Un projet de texte réglementaire dévoilé mi-octobre pourrait redessiner les critères qui fixent les statuts d’auto-entrepreneur et de salarié. Au profit de ce dernier statut, bien plus protecteur.

Un chapitre de plus dans le bras de fer qui, aux États-Unis, oppose les syndicats aux entreprises employant des auto-entrepreneurs : le 11 octobre, le gouvernement a présenté un projet de texte réglementaire qui pourrait avoir pour conséquence de limiter la qualification de « travailleurs indépendants », au profit du statut de salarié. Avec à la clé des enjeux de taille, puisque seul ce dernier statut ouvre droit à certaines protections fédérales telles que la garantie de salaire minimum et la réglementation du temps de travail.

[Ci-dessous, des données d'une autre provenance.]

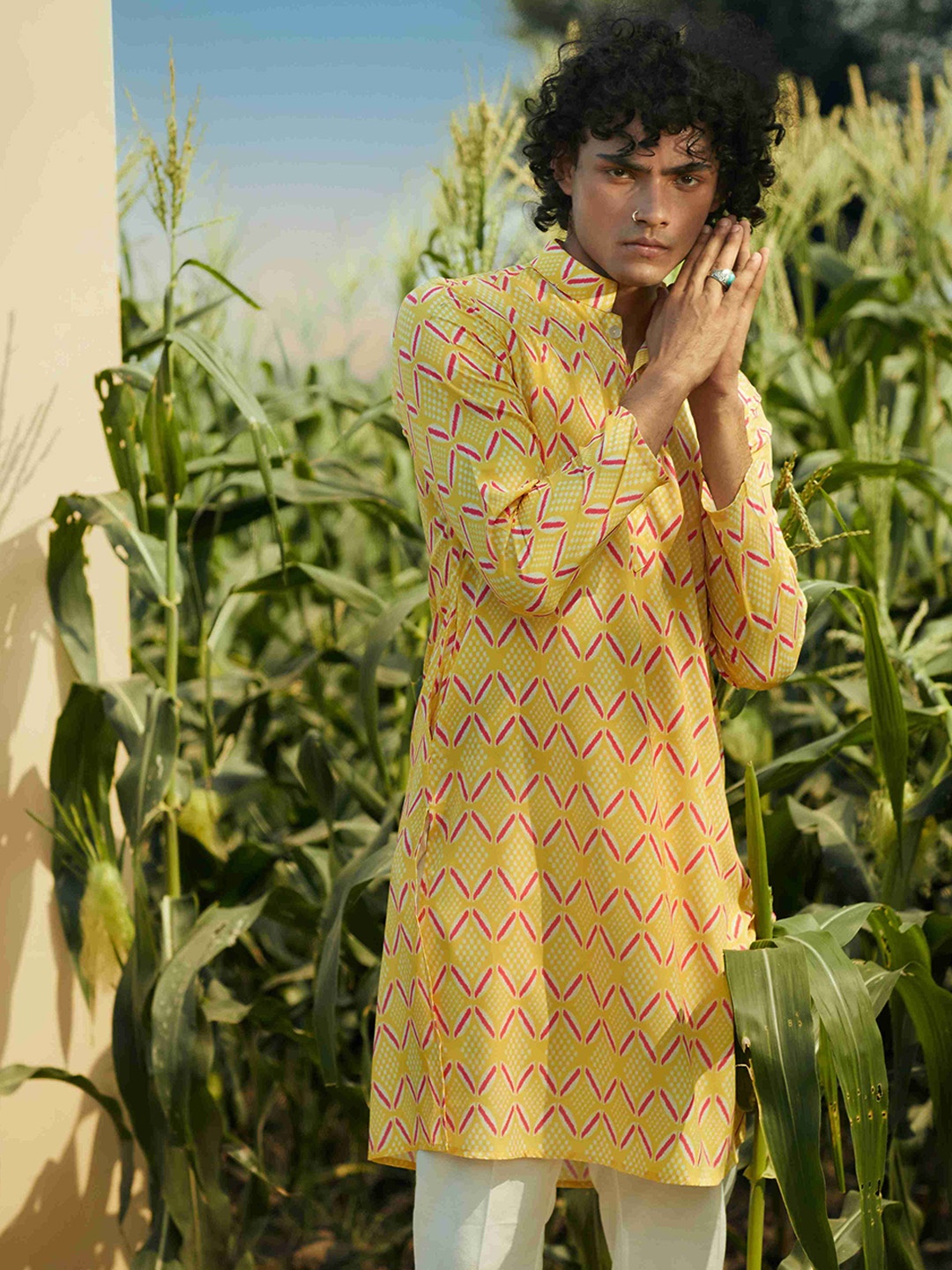 

Eleven Brothers Men Printed Regular Kurta with Trousers, Yellow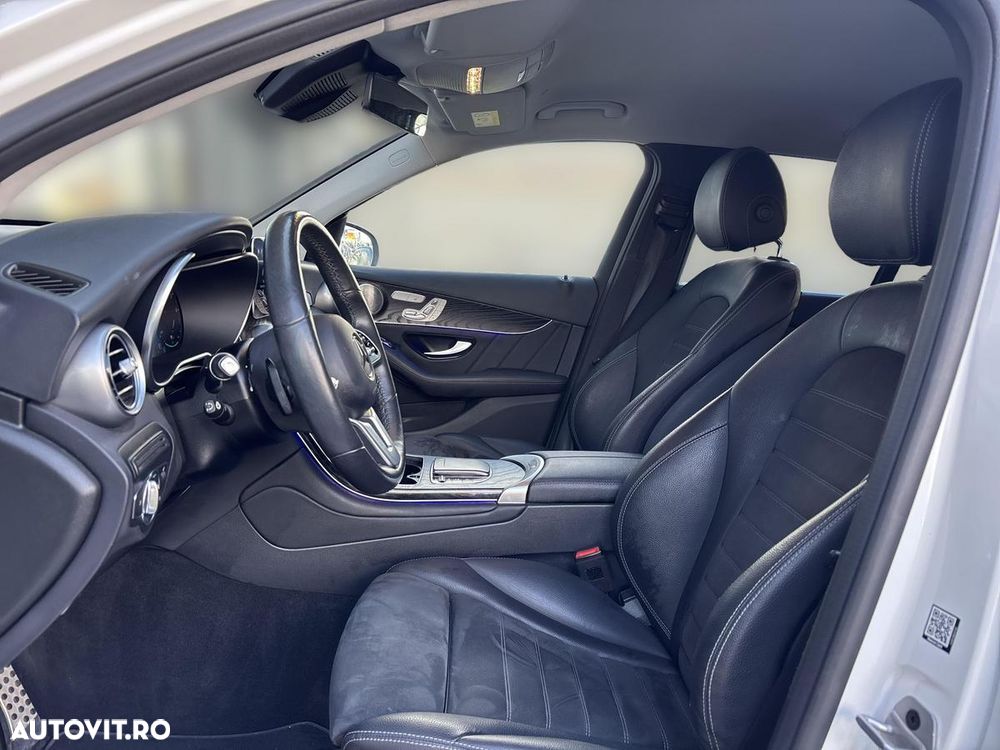 Mercedes-Benz GLC 300 de 4Matic 9G-TRONIC AMG Line - 14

Le texte, qui n’a pas valeur de loi mais servirait de référence aux entreprises – et potentiellement aux tribunaux en cas de contentieux –, est soumis à consultation publique jusqu’à fin novembre, après quoi il entrerait en vigueur dans plusieurs mois s’il est approuvé. Une incertitude qui n’a pas empêché les syndicats nationaux de saluer l’initiative de l’administration. Trop d’entreprises placent les profits avant les personnes, en qualifiant faussement et intentionnellement leurs travailleurs d’auto-entrepreneurs afin d’éviter de leur fournir la paie, les heures supplémentaires, le lieu de travail et les bénéfices auxquels les employés ont droit d’après les lois du travail et de l’emploi, a souligné la Fédération américaine du travail – Congrès des organisations industrielles (AFL-CIO) dans un communiqué.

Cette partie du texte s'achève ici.